Task instructions – From the first line to the last, restate the material word for word; pictures stay out.

Data to use –
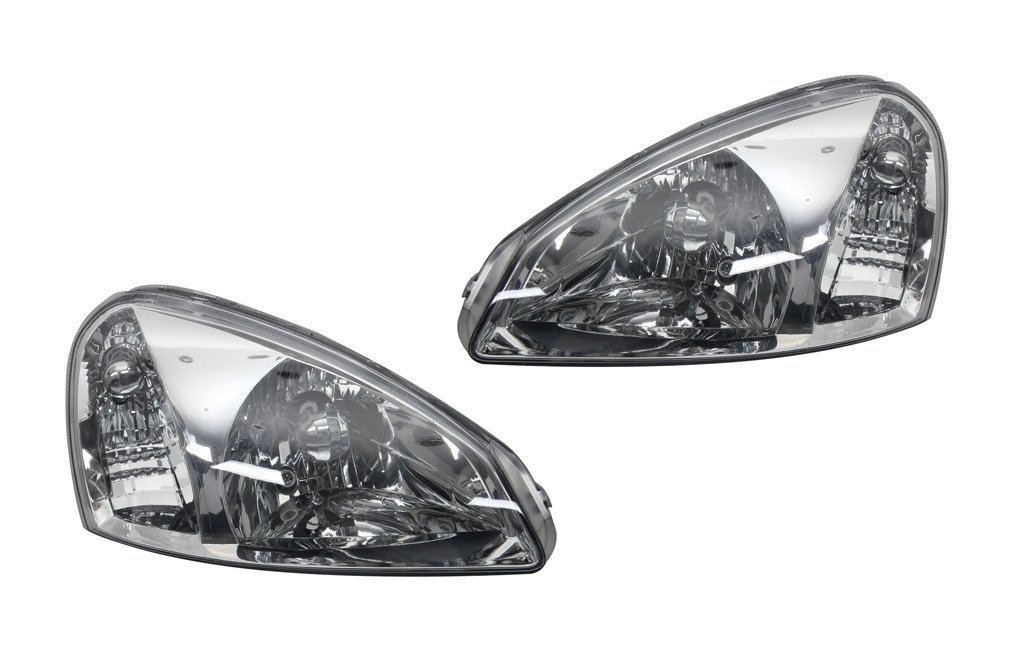 Lumax Car Crystal Headlight Assembly SET OF 2 Tata Indica Amazon.in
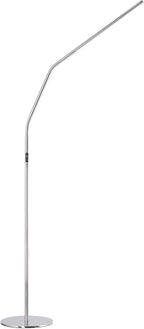 Daylight Slimline 4 LED Table Lamp in Rose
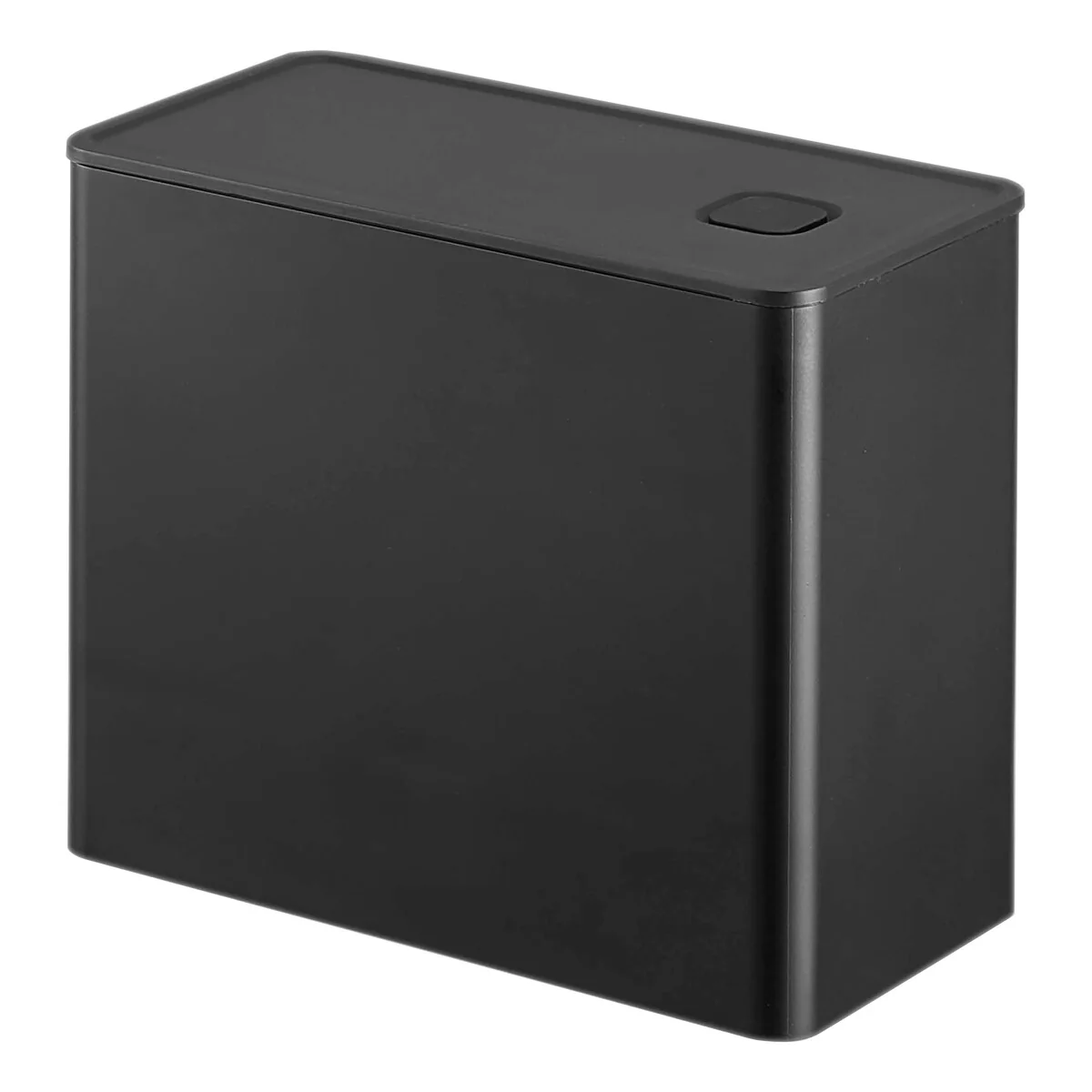 Yamazaki Home Vacuum-Sealing Coffee Storage, Polypropylene - L 3.62 x W 7.24 x H 6.06 inches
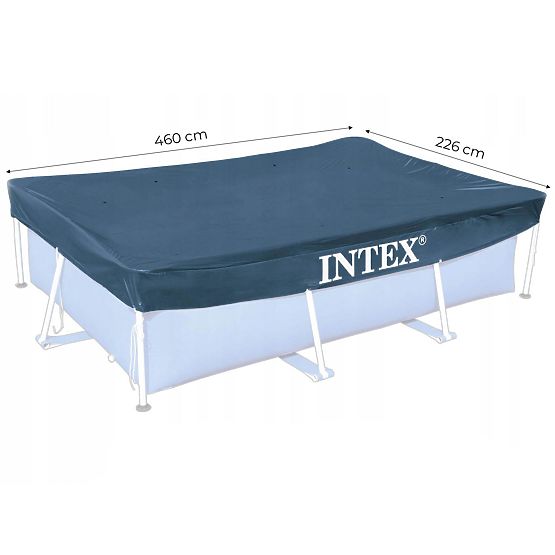 450x226 cm-es INTEX keretes medence takaró
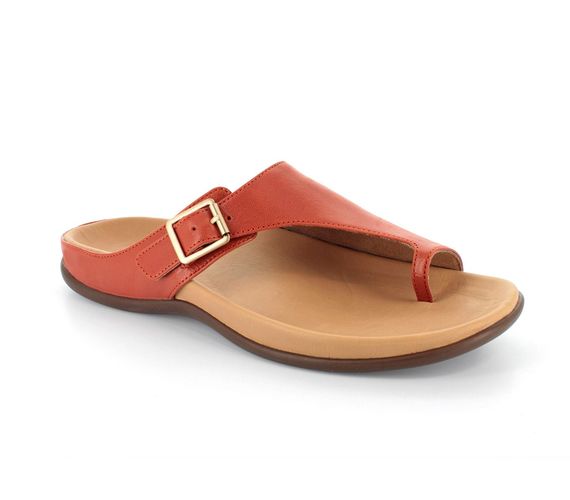 Strive Java Women's Comfortable and Arch Supportive Sandals - Sunset angled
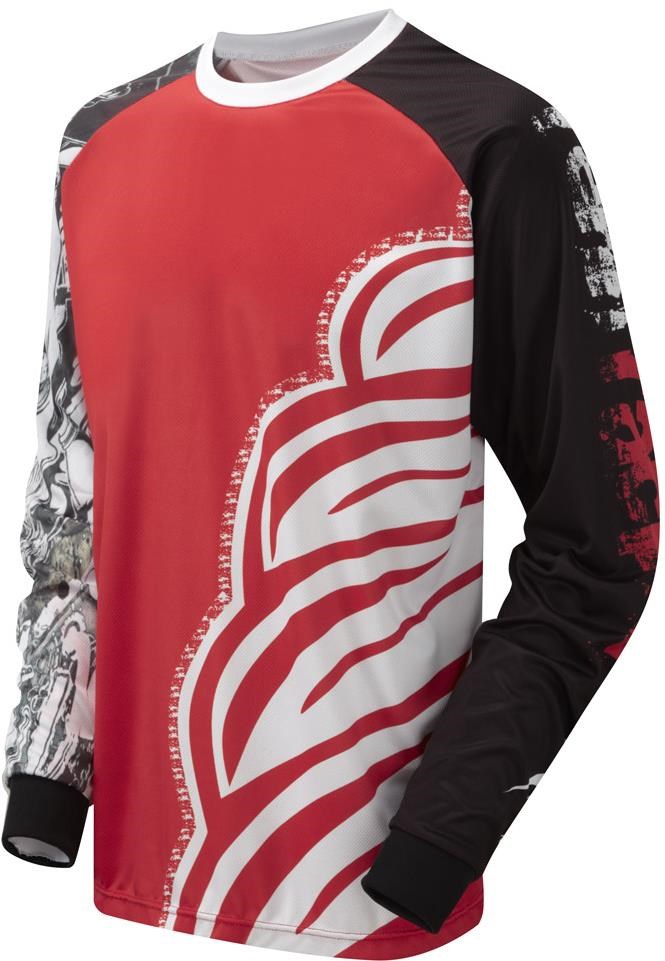 Tenn Rage MTB Long Sleeve Cycling Jersey SS16 product image
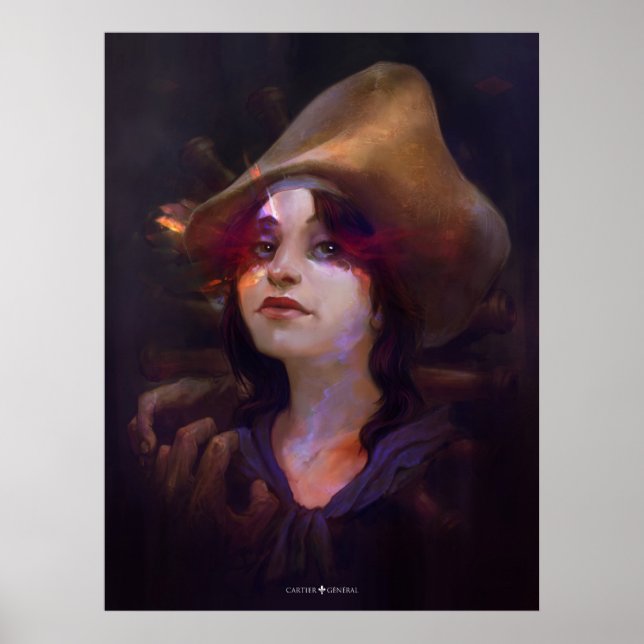 Madeleine de Verchères Poster (Framsidan)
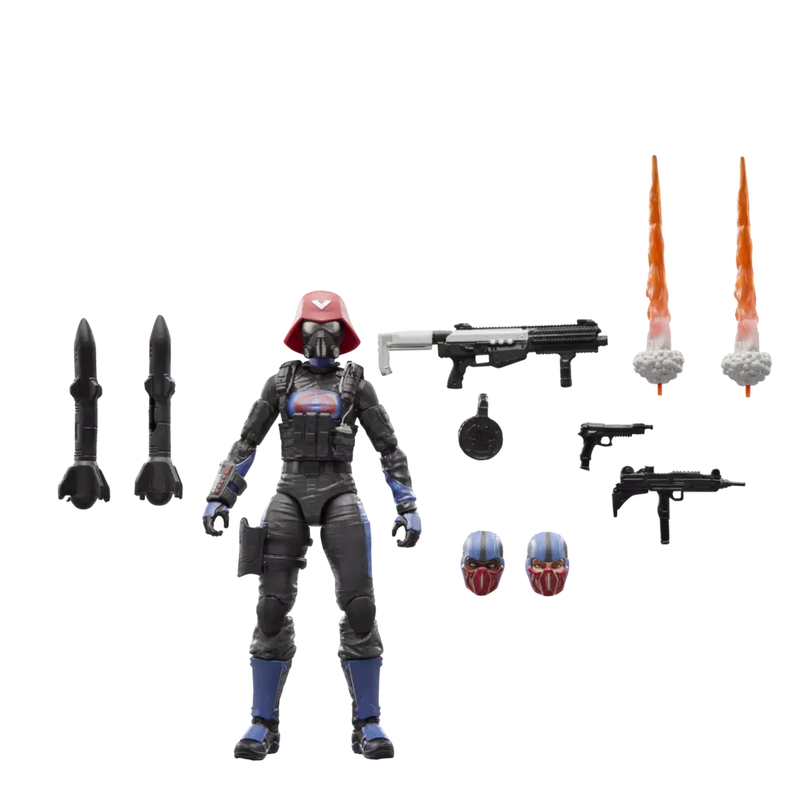 G.I. Joe Classified Series #152, Cobra Pilot & Cobra C.L.A.W. (Covert Light Aerial Weapon)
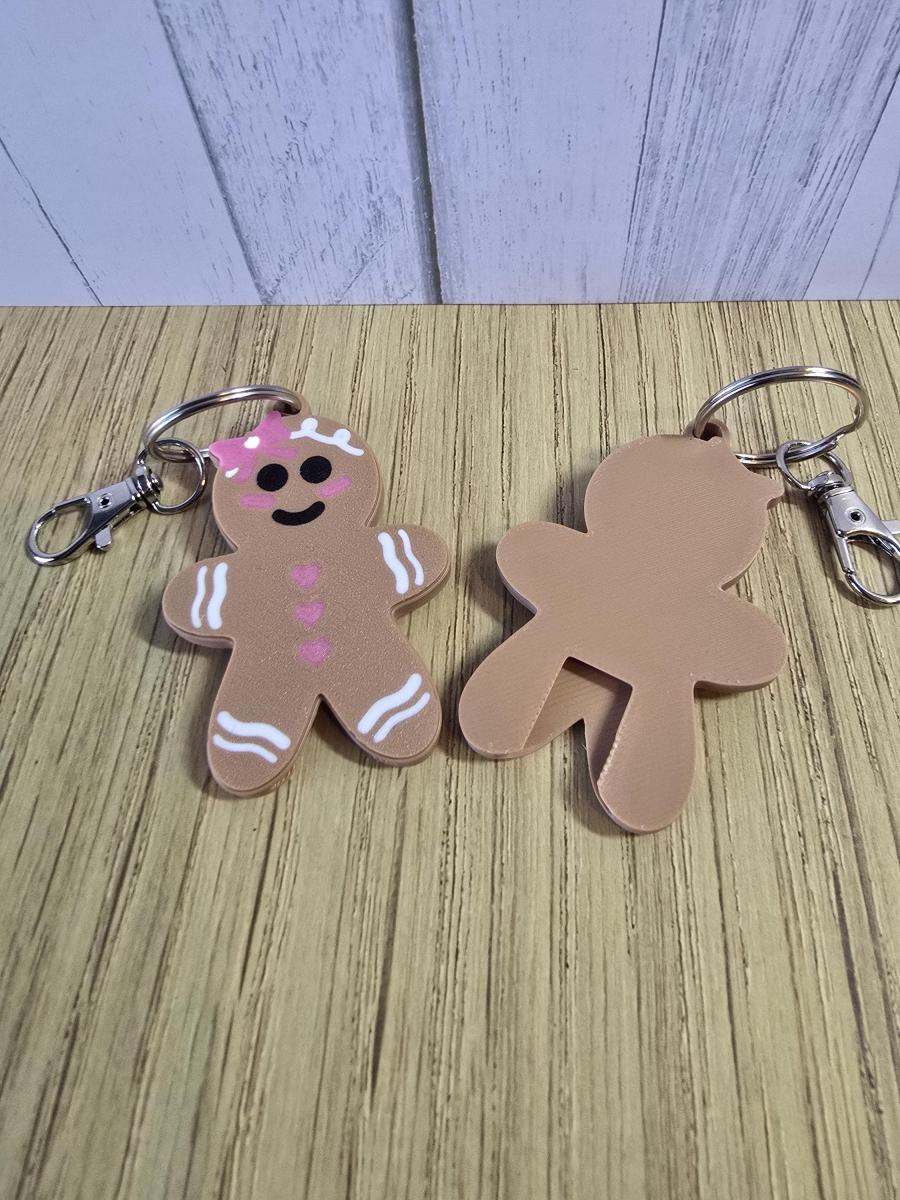 Gingerbread with Bow - Soda Can Opener picture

Task solution –
 Lumax Car Crystal Headlight Assembly SET OF 2 Tata Indica Amazon.in
 Daylight Slimline 4 LED Table Lamp in Rose
 Yamazaki Home Vacuum-Sealing Coffee Storage, Polypropylene - L 3.62 x W 7.24 x H 6.06 inches
 450x226 cm-es INTEX keretes medence takaró
 Strive Java Women's Comfortable and Arch Supportive Sandals - Sunset angled
 Tenn Rage MTB Long Sleeve Cycling Jersey SS16 product image
 Madeleine de Verchères Poster (Framsidan)
 G.I. Joe Classified Series #152, Cobra Pilot & Cobra C.L.A.W. (Covert Light Aerial Weapon)
 Gingerbread with Bow - Soda Can Opener picture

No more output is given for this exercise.